Below are the records. Reproduce exactly the lines from the one containing "Tienda Scalextric Madrid." through the final line, and omit any pictures.

(Beginning of Provided information)

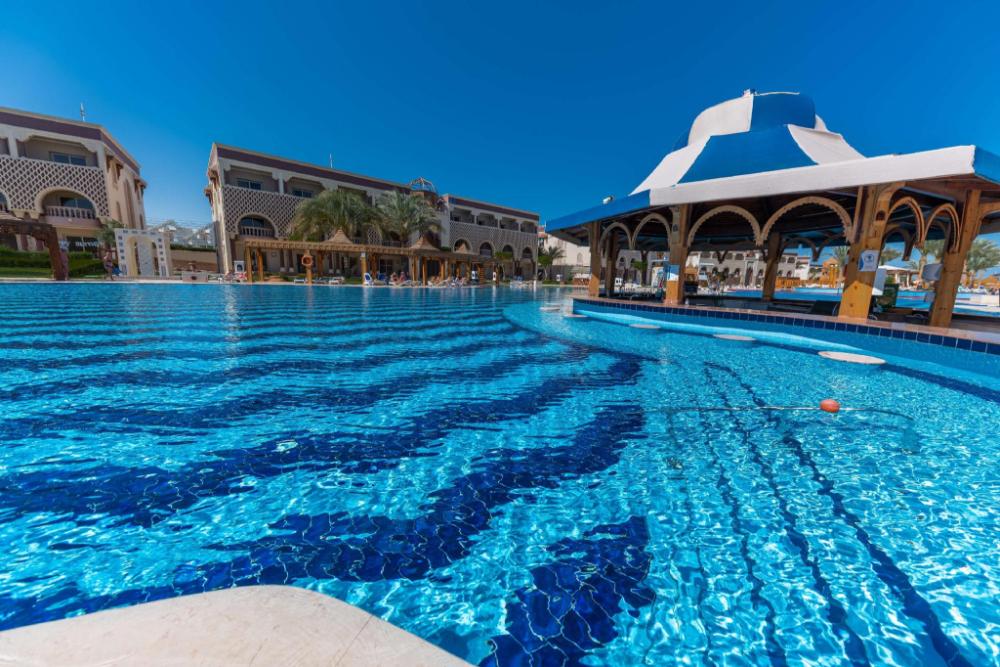 sunrise sentido mamlouk palace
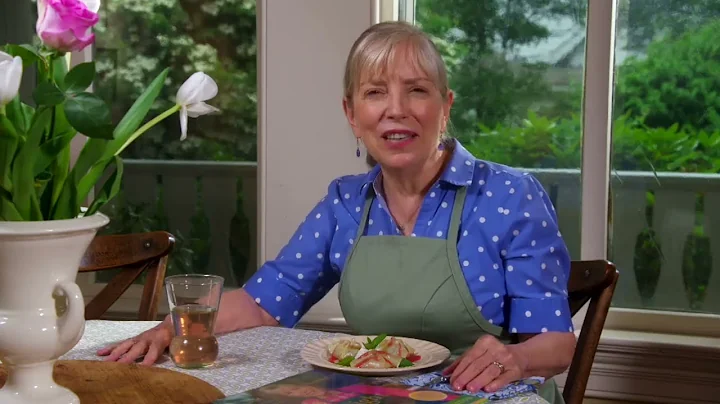 Sara's Weeknight Meals season 10 | preview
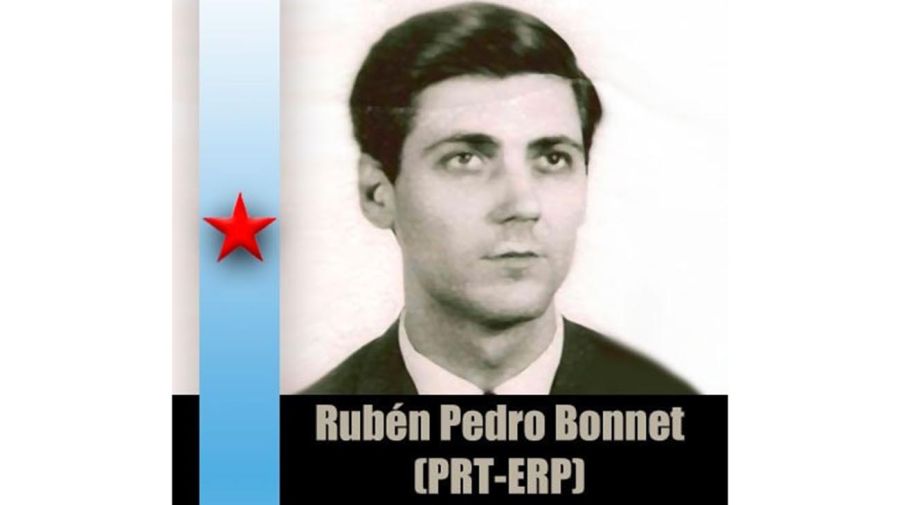 Ruben Pedro Bonnet (ERP) 20220818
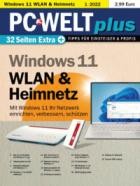 PC-WELT plus 01/2022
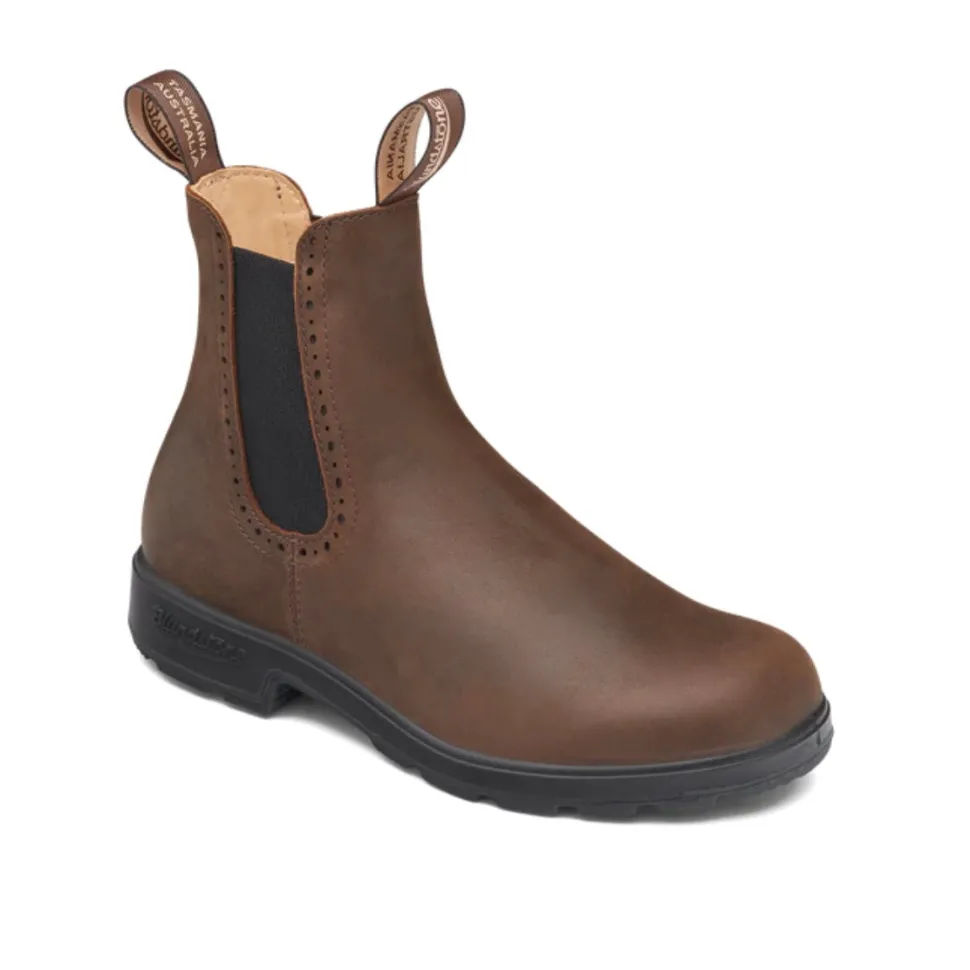 Blundstone 2151 - Women's Series Hi Top Antique Brown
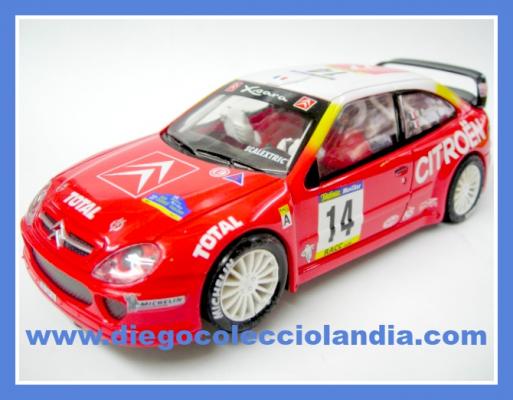 Tienda Scalextric Madrid. www.diegocolecciolandia .Tienda Slot madrid. Coches Scalextric en España. 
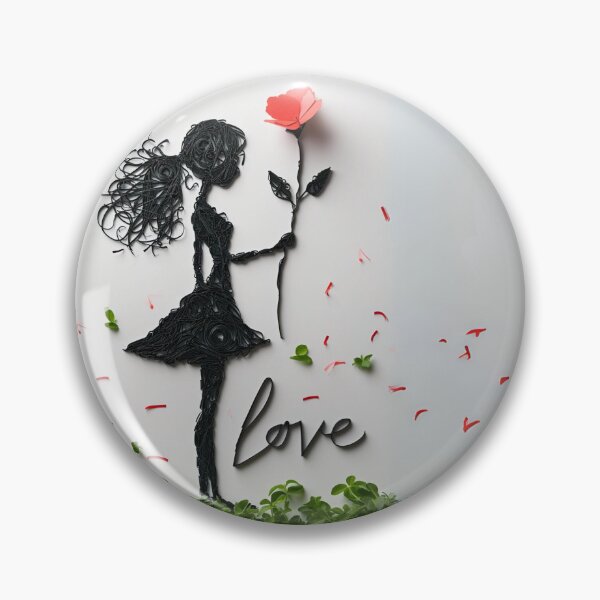 Item preview, Simply Love In Bloom designed and sold by NDMDesignStudio.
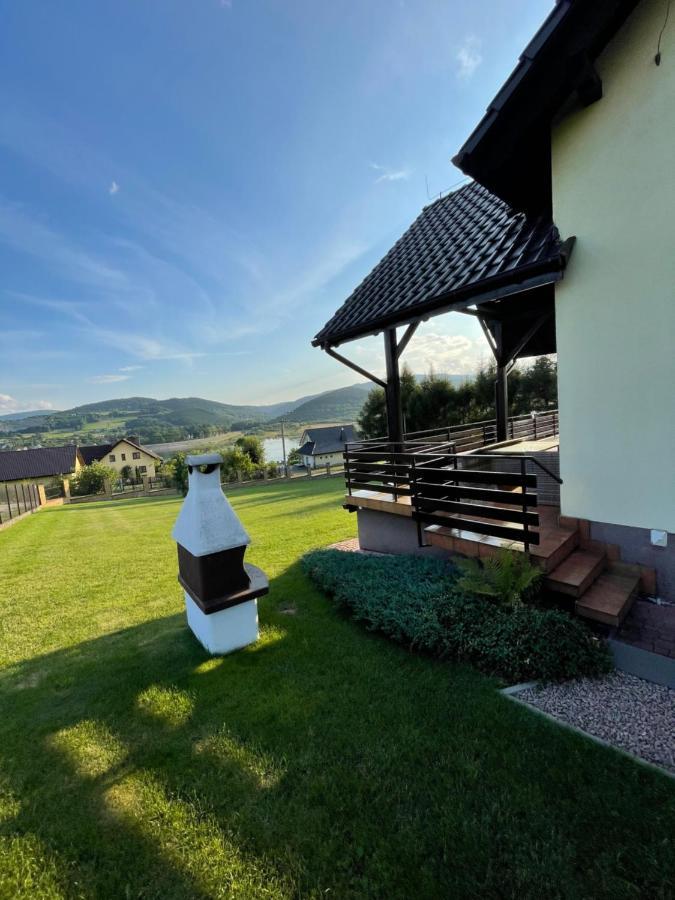 Villa Mucharz268 Exterior foto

(End of Provided information)

Exercise result:
 Tienda Scalextric Madrid. www.diegocolecciolandia .Tienda Slot madrid. Coches Scalextric en España. 
 Item preview, Simply Love In Bloom designed and sold by NDMDesignStudio.
 Villa Mucharz268 Exterior foto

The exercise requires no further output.